Más allá de eso, podemos preguntarnos de cara al futuro. ¿Fue el populismo autoritario de Trump una anomalía pasajera? ¿O acaso llegó para quedarse? ¿En qué medida o porcentaje la lealtad es a Trump o al partido? En lo inmediato ¿cuál será el futuro de Trump? ¿Buscará romper con la tradición de caída en desgracia de los presidentes no reelectos? ¿Elegirá a un sucesor y logrará movilizar a su favor a su leal y activo electorado de extrema derecha? ¿Afrontará juicios por sus abusos en el ejercicio del poder, así como por acusaciones de corrupción que ya sobrellevaba antes de ser presidente?
Llegamos así al interrogante final y más importante: ¿qué perfil adoptará el Partido Republicano?
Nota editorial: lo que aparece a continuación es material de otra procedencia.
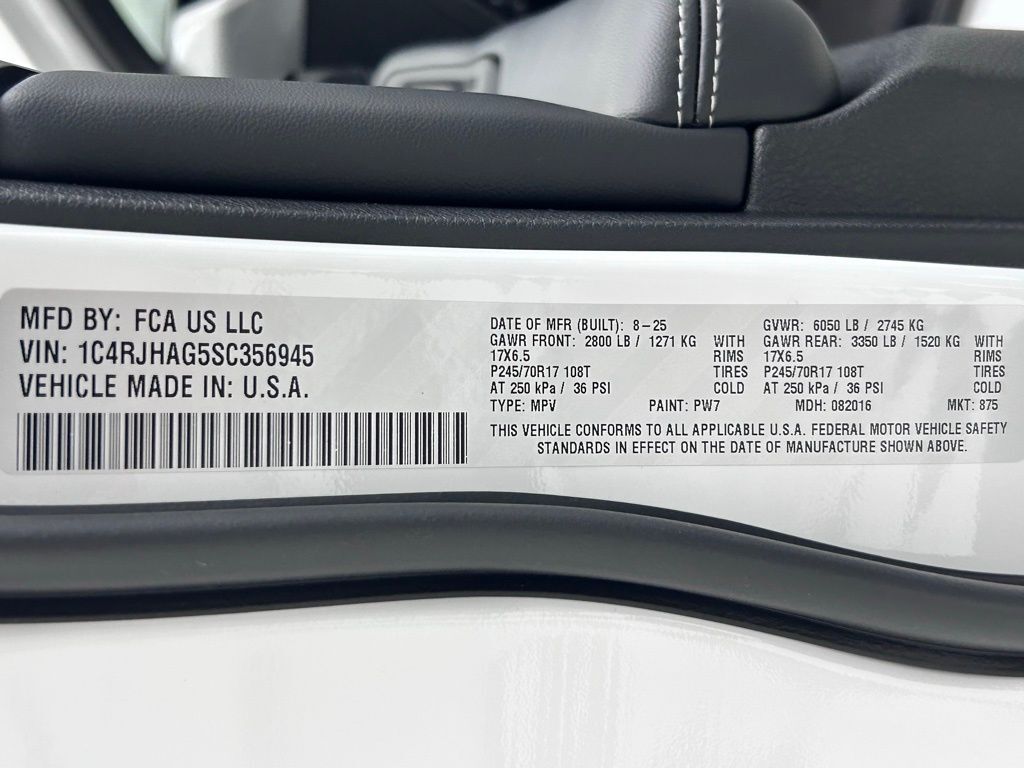 2025 Jeep Grand Cherokee Laredo Portland OR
En cierto modo, la solidez y lealtad del electorado de Trump, capaz de tolerarle cualquier tipo de exabrupto, abuso o desprolijidad, podría convertirse en un incentivo para profundizar el camino iniciado por el magnate. Sin embargo, por otro lado, Trump es uno de los pocos presidentes que no lograron la reelección. Esto, sumado a la constante pérdida del voto popular, así como al cambio demográfico, podría acelerar una renovación y modernización en el Partido Republicano.
Si ello sucediera, podríamos ver un retorno a un liberalismo conservador clásico, lo cual sería bueno tanto para el partido como para el país. Paradójicamente, sustituir el sistema del colegio electoral podría, en contra de lo que parece a simple vista, beneficiar al Partido Republicano. Lo obligaría a reformular su base electoral y a buscar una renovación y modernización, dejando de ser un partido netamente rural en retroceso, que necesita aferrarse a un colegio electoral distorsionado para ser competitivo.
De lo que decida y haga el Partido Republicano de aquí en más, dependerá la estructura que adopte el sistema de partidos en Estados Unidos. Una opción parece ser un retorno a la normalidad, con un Partido Demócrata de corte socialdemócrata o de centroizquierda (para estándares americanos, desde luego) y un Partido Republicano liberal-conservador o de centroderecha. Sería lo mejor desde el punto de vista de la salud de la democracia norteamericana.
La otra alternativa, más revolucionaria, sería que el Partido Republicano consolide el perfil nacionalista y populista que quiso imprimirle Trump. En este caso, el electorado liberal-conservador podría repartirse entre el Partido Demócrata y el Partido Republicano. Así, la nueva base electoral del Partido Demócrata tendría un componente liberal adicional que presionaría hacia el centro y haría aún más moderado a un partido que de por sí se ha caracterizado, en las últimas décadas, precisamente por su moderación.
Tendríamos, entonces, una fuerza democrática de “extremo centro”, que dirimiría en internas si adoptar un perfil más socialdemócrata o más liberal, y una fuerza autoritaria, de tendencia nacionalista y populista, totalmente inédita para la historia de Estados Unidos. Este último sería el peor escenario posible. Implicaría una constante y latente amenaza de exabruptos autoritarios y degradación institucional en la primera potencia mundial, con los consiguientes efectos de inestabilidad e incertidumbre para el planeta, tal como sucedió durante los últimos cuatro años de gestión de Trump. No podemos saber el futuro, pero analizar y conocer escenarios posibles nos ayuda a estar mejor informados y a ser mejores ciudadanos dondequiera que nos toque serlo.